A Rússia voltou a participar do Eurovision entre 2018 e 2021.
Já surgiram cantores famosos do Intervision?
Durante o concurso de 1979, o mundialmente famoso grupo Boney M interpretou seu grande sucesso “Rasputin”, que conta a história de um padre místico que seduziu a família real russa no início do século 19.
O palco do Intervision também recebeu artistas renomados do antigo bloco soviético, como o cantor polonês Czesław Niemen.
Como é escolhido o vencedor?
Ao contrário do Eurovision, onde os vencedores não recebem nenhum prêmio em dinheiro, o Intervision afirma que concederá 30 milhões de rublos (cerca de R$ 1,9 milhão) ao vencedor.
No Intervision, o vencedor será escolhido exclusivamente por um júri no estúdio, enquanto no Eurovision ele é selecionado por meio de uma combinação das pontuações do júri e dos votos do público.
Nas edições anteriores do Intervision, os vencedores eram, em sua maioria, de países aliados à União Soviética, embora a cantora finlandesa Marion Rung tenha quebrado essa tendência em 1980, quando levou o primeiro prêmio com “Where is the Love?”
Rung também participou do Eurovision em 1962 e 1973.
Qual é o futuro do Intervision?
Há planos para tornar o Intervision novamente um evento anual, embora o professor Vuletic se mostre um pouco cético.
“Temos que esperar e ver o que realmente acontece… qual será o sucesso do concurso deste ano”, afirma.

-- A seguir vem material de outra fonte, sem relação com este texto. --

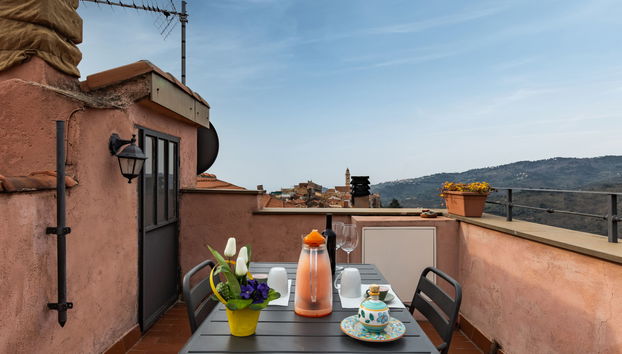 Apartment mit 1 Schlafzimmer in Civezza mit garten und terrasse - Foto 5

León ressalta que o evento ainda não conta com um número significativo de seguidores e “pode ser que só seja atraente para um público muito específico, embora com o tempo possa despertar certa nostalgia”.
A poucos dias da final, os vídeos das músicas do Intervision estavam recebendo poucas visualizações e interações nas redes sociais e no YouTube.
“Se fosse o Eurovision, veríamos músicas com milhões de visualizações”, acrescenta.
Mesmo assim, embora o interesse dos espectadores acabe sendo limitado, a Rússia pode continuar vendo valor em realizar o concurso todos os anos.
Vuletic afirma que a Rússia verá o programa deste sábado como uma oportunidade para demonstrar ao mundo que pode realizar um “grande evento internacional” com fãs em todo o mundo e que as sanções impostas contra o país em resposta à invasão da Ucrânia não estão surtindo efeito.